[Opening THE DATA section]
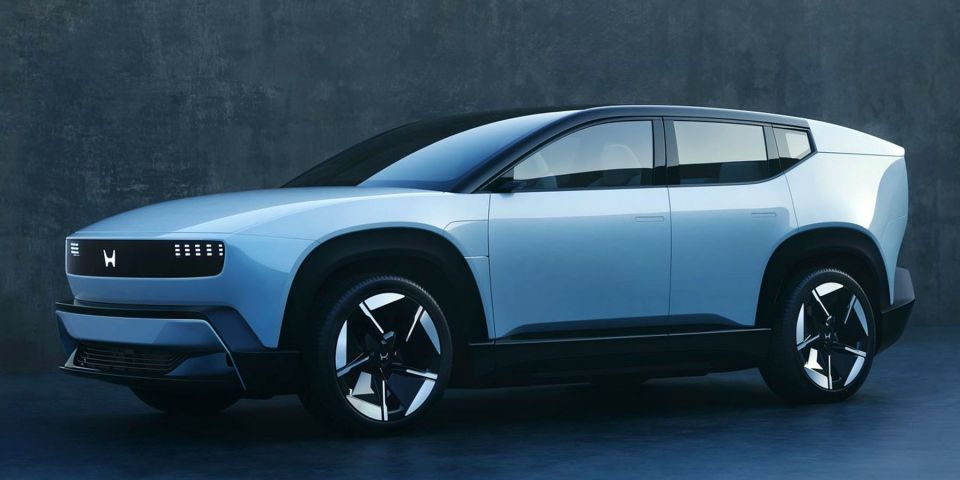 Honda-0_SUV_Concept-2025-CES-8.jpg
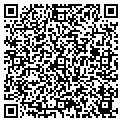 QR code with Paul's Service contacts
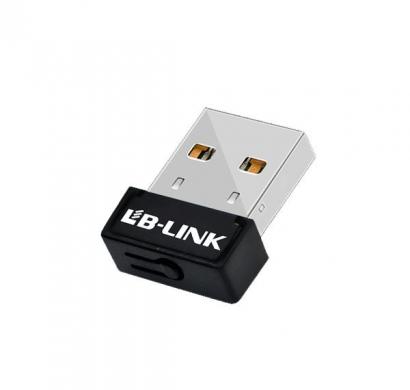lb-link bl-wn151 150mbps wireless usb adapter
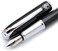 czxwyst Picasso 916 Malage Fountain Pen M Nib Original Box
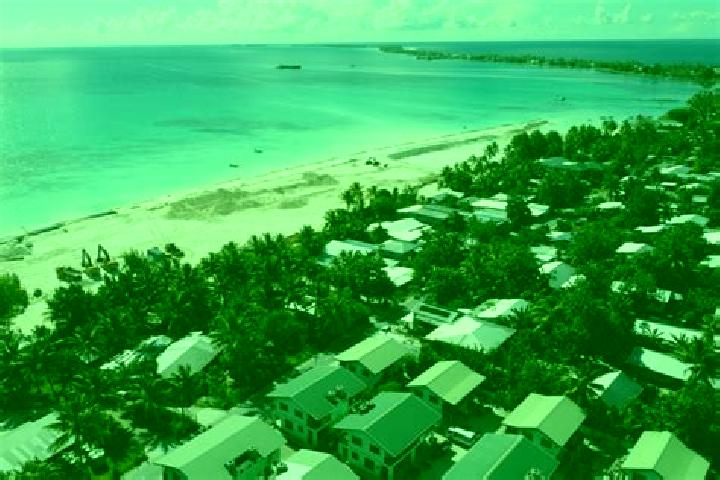 Penelope, 24 — Escort in Funafuti, Tuvalu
[Closing THE DATA section]
--- EXERCISE REQUIREMENTS ---
Give each record above back word for word, but carry over none of the pictures.

--- RESPONSE TO THIS EXERCISE ---
 Honda-0_SUV_Concept-2025-CES-8.jpg
 QR code with Paul's Service contacts
lb-link bl-wn151 150mbps wireless usb adapter
 czxwyst Picasso 916 Malage Fountain Pen M Nib Original Box
 Penelope, 24 — Escort in Funafuti, Tuvalu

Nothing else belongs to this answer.